Population (1st January 2024)
- • Total: 8,684
- • Density: 152.9/km^{2} (395.9/sq mi)
- Demonym: Cutrofianesi
- Time zone: UTC+1 (CET)
- • Summer (DST): UTC+2 (CEST)
- Postal code: 73020
- Dialing code: 0836
- ISTAT code: 075026
- Patron saint: St. Anthony of Padua
- Website: Official website

= Cutrofiano =

Cutrofiano (Salentino: Cutrufiànu; Griko: Κουτρουφιάνα translit. Kutrufiàna
) is a town and comune in the province of Lecce in the Apulia region of south-east Italy. It is known for its shoes and ceramic production.

Main sights include the Mother Church (Chiesa matrice, 17th century) and that of the Immaculate Conception (18th century). The economy is mostly based on agriculture (olive oil, wine, cereals, tobacco).

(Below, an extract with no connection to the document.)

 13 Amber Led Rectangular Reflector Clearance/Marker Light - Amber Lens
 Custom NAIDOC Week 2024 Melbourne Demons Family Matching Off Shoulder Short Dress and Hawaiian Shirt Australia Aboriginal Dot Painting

Cutrofiano is also a center of ceramics craftmanship.

==History==

Cutrofiano has been the only town in a group of medieval houses, that survived Turks' attacks.

Because of its closeness with a swamp, the town used clay since remote times: the ceramic industry is documented by a lot of earthenware objects found in Cutrofiano and by a Roman furnace that has been discovered during an excavation.

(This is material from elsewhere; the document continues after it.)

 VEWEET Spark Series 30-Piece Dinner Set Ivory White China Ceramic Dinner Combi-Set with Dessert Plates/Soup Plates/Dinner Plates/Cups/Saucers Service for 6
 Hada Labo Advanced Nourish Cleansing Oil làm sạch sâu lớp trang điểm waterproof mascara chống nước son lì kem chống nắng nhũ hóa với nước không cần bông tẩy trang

In the 1600s, once that Turks' attacks were finished, Cutrofiano started its expansion. Ceramic shops became very important for the town's economy. In 1745–1750, in Cutrofiano there were about 650 inhabitants and 150 of them made a living in the ceramics industry.

Cutrofiano has been part of Soleto's county since 1319, so it started being part of the big possessions of Balzo-Orsini, princes of Taranto, and Conti of Lecce. In 1484 the town was given to Del Doce-Capece, that in 1664 gave it to their relatives Filomarini, that kept it until that feudalism was canceled in 1806.

A peculiar case, linked to feudal sedition, was the Cutrofiano's wood one, that was part of the big mediterranean wood that in the past filled the low Salento. It extended for 714 ha and it was the main source of timber that served to stoke furnaces to produce earthenware products.

==Climate ==
Cutrofiano is part of the low Salento that has a mediterranean climate, characterized by mild winters and warm and wet summers. The lowest temperature is about 5°C and the highest is about 40°C.

==Etymology==
Cutrofiano's name come from terracotta objects, that are typical of the town. Their name is cutrubbi  and they are clay containers (from greek kutra, that means vase). They gave to the town the name of Cutrubbiano that later was changed with Cutrofiano.

==Society==
Dialect

The dialect spoken in Cutrofiano is the Salentino dialect in its southern variant. Salentino dialect is full of influences linked to the various dominations: Greek, Roman, Byzantine, Lombard, Norman, Albanian, French and Spanish.